[Task input]

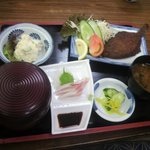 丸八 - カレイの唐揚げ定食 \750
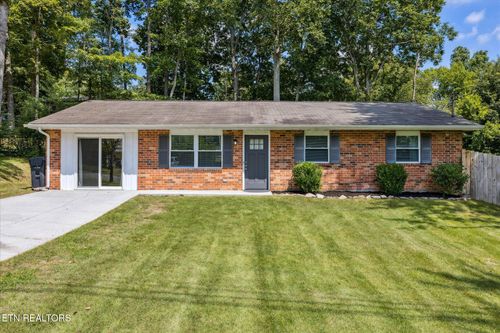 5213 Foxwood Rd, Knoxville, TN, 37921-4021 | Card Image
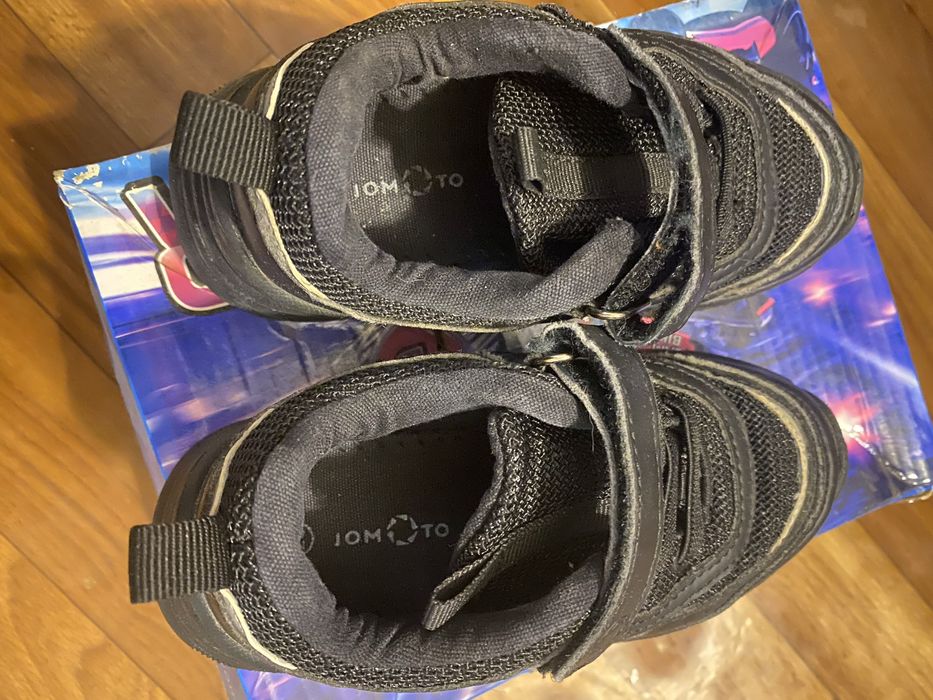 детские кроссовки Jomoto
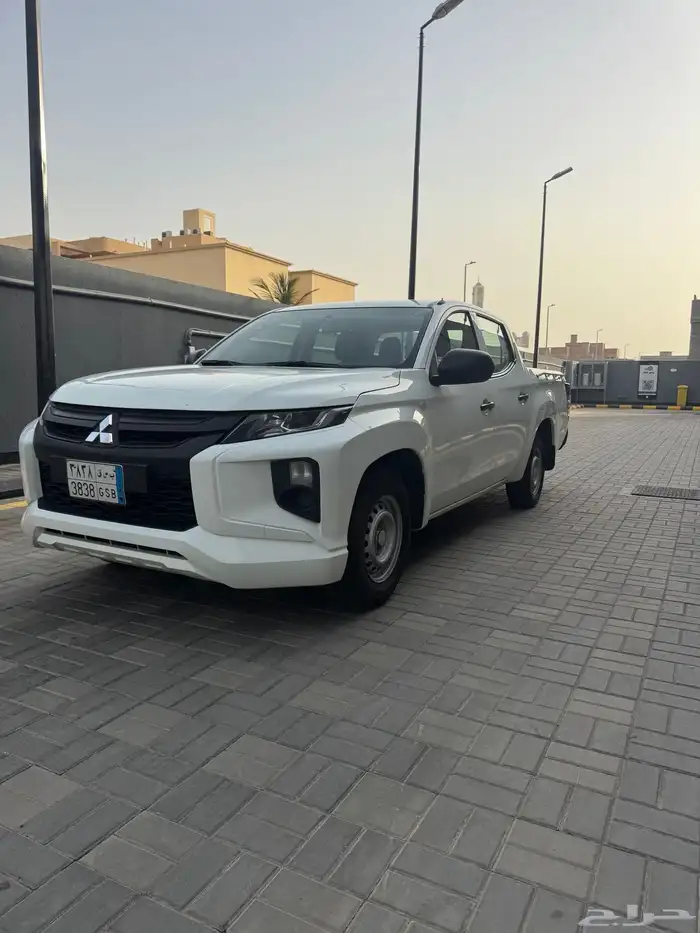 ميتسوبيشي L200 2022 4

[/Task input]
[Task input]

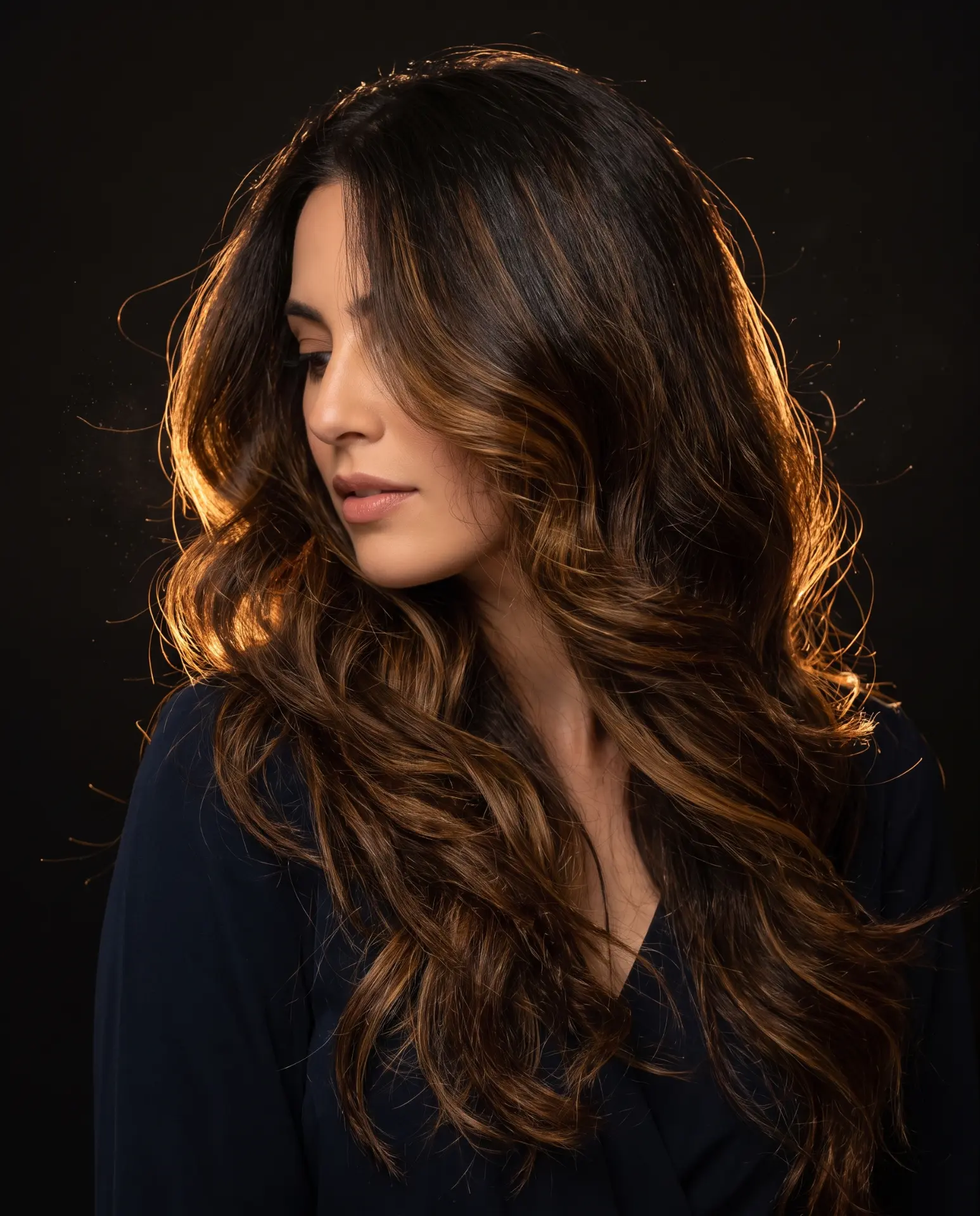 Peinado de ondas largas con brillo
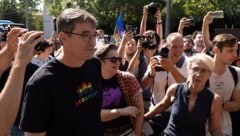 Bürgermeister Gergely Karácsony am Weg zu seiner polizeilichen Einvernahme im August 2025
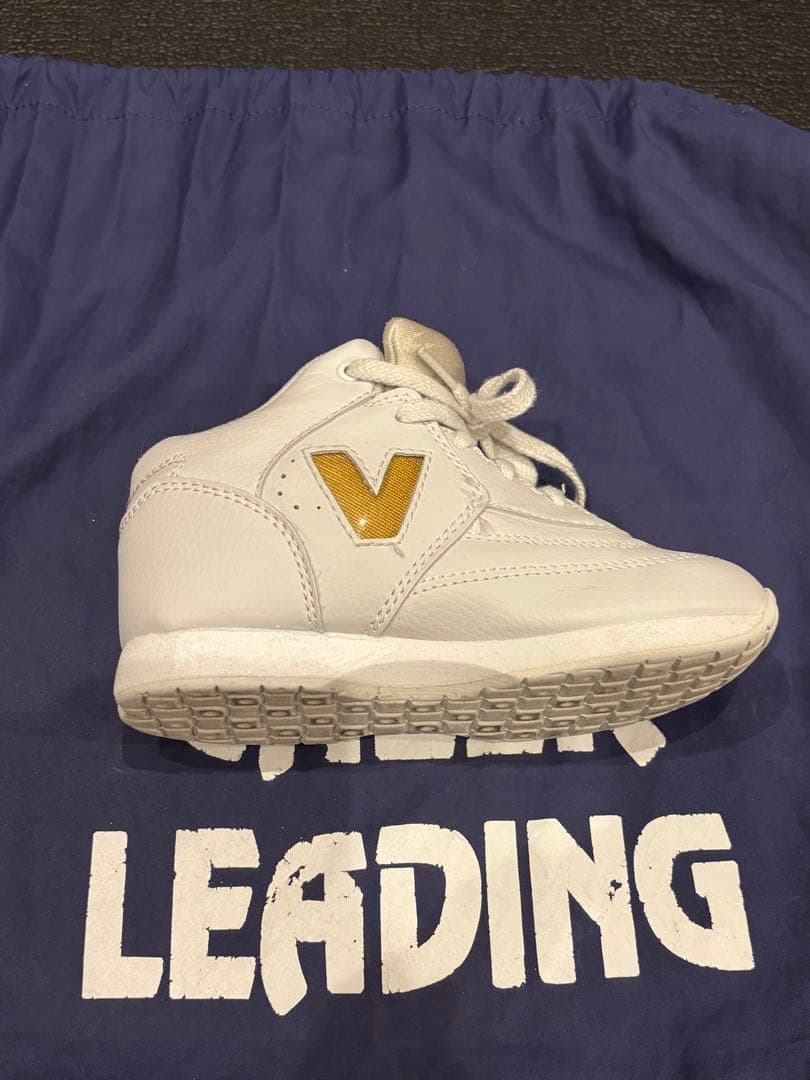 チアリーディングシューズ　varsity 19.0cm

[/Task input]

In the material above, the stretch from the line with "丸八 - カレイの唐揚げ定食 \750" through the line with "ميتسوبيشي L200 2022 4" is to be given again exactly, minus the pictures.

■ Written answer:
 丸八 - カレイの唐揚げ定食 \750
 5213 Foxwood Rd, Knoxville, TN, 37921-4021 | Card Image
 детские кроссовки Jomoto
 ميتسوبيشي L200 2022 4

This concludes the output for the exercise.